#### [Work item]
Print, with no pictures, the exact lines that run from the one containing "Designer Size: (8)" through the last line of the material below, both ends included.

====== Source data ======

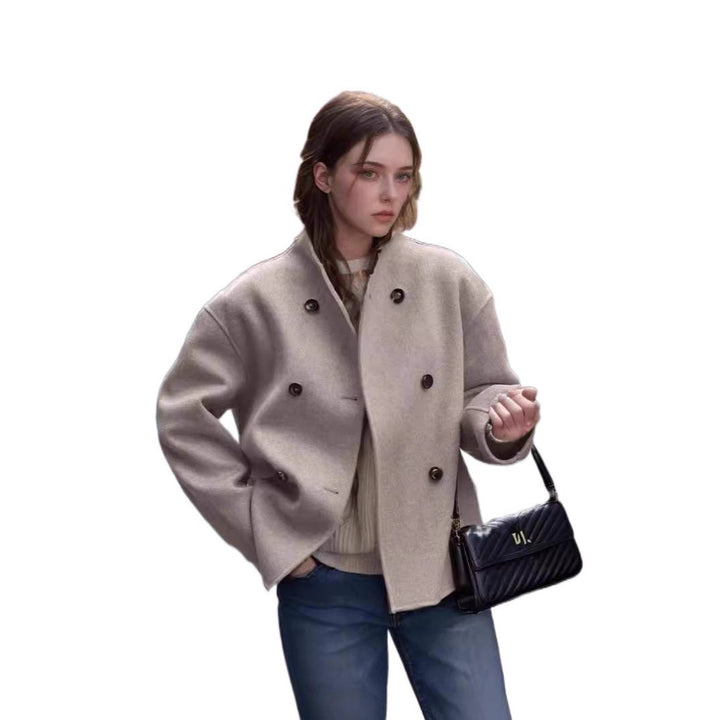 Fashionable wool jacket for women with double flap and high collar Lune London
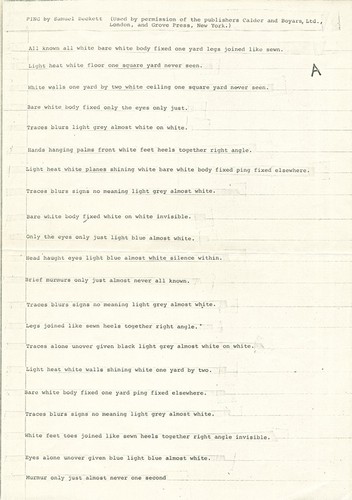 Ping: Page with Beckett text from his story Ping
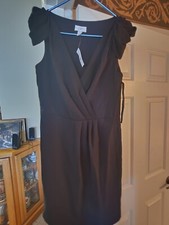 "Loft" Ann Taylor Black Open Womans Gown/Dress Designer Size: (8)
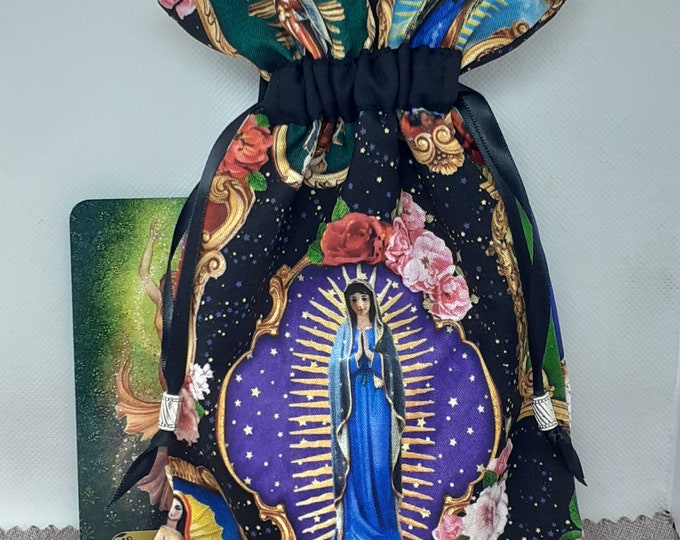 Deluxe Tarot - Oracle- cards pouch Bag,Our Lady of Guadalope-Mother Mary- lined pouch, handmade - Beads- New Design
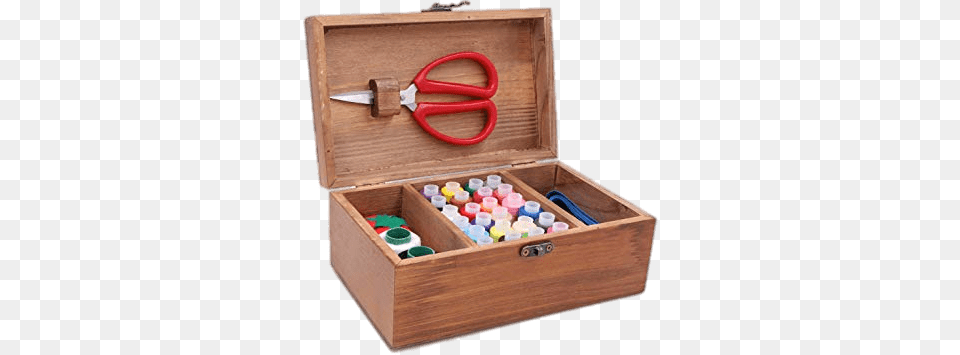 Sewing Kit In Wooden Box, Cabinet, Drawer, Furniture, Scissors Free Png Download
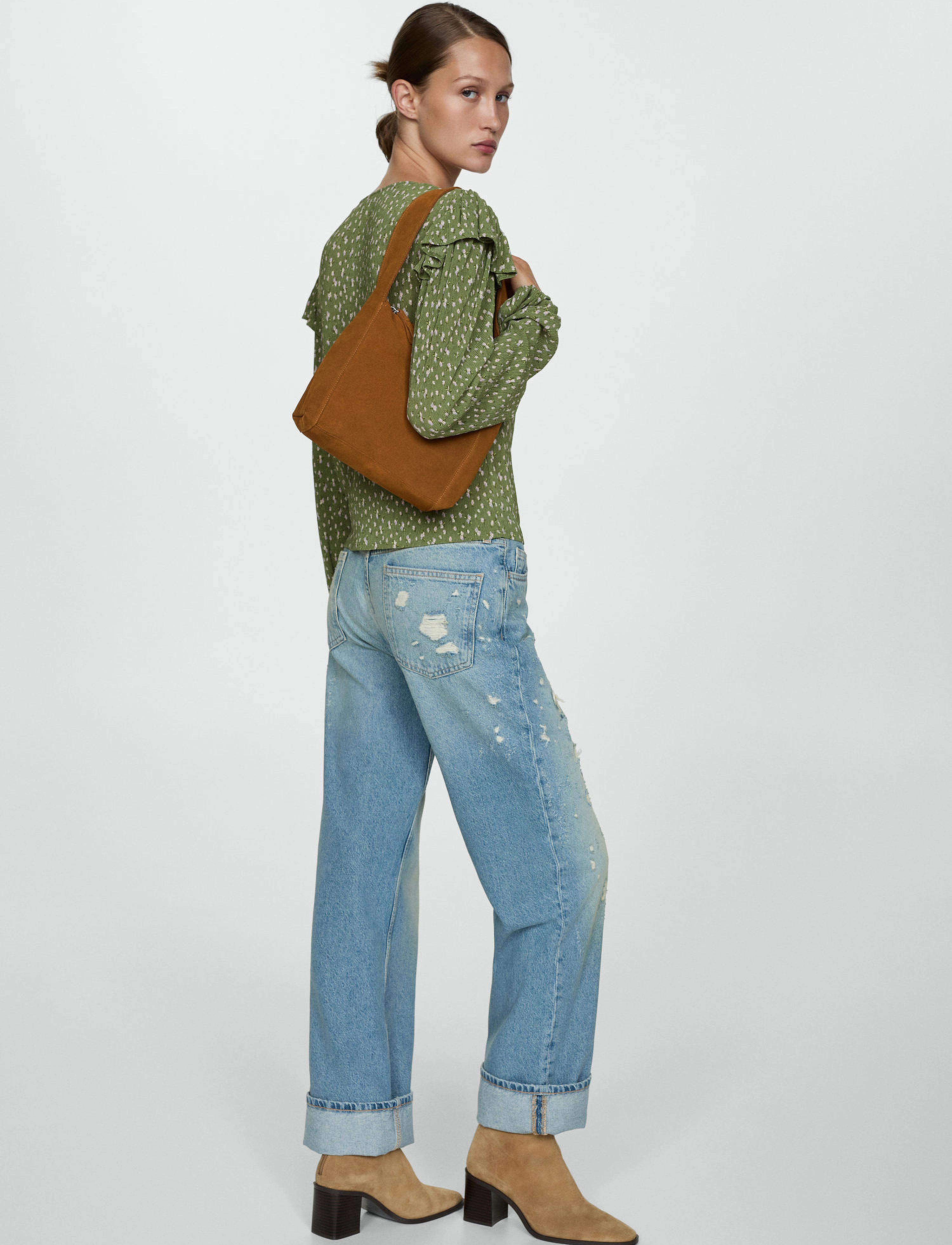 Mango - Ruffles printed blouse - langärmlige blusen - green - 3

======

#### [Solution for this exercise]
 "Loft" Ann Taylor Black Open Womans Gown/Dress Designer Size: (8)
 Deluxe Tarot - Oracle- cards pouch Bag,Our Lady of Guadalope-Mother Mary- lined pouch, handmade - Beads- New Design
 Sewing Kit In Wooden Box, Cabinet, Drawer, Furniture, Scissors Free Png Download
 Mango - Ruffles printed blouse - langärmlige blusen - green - 3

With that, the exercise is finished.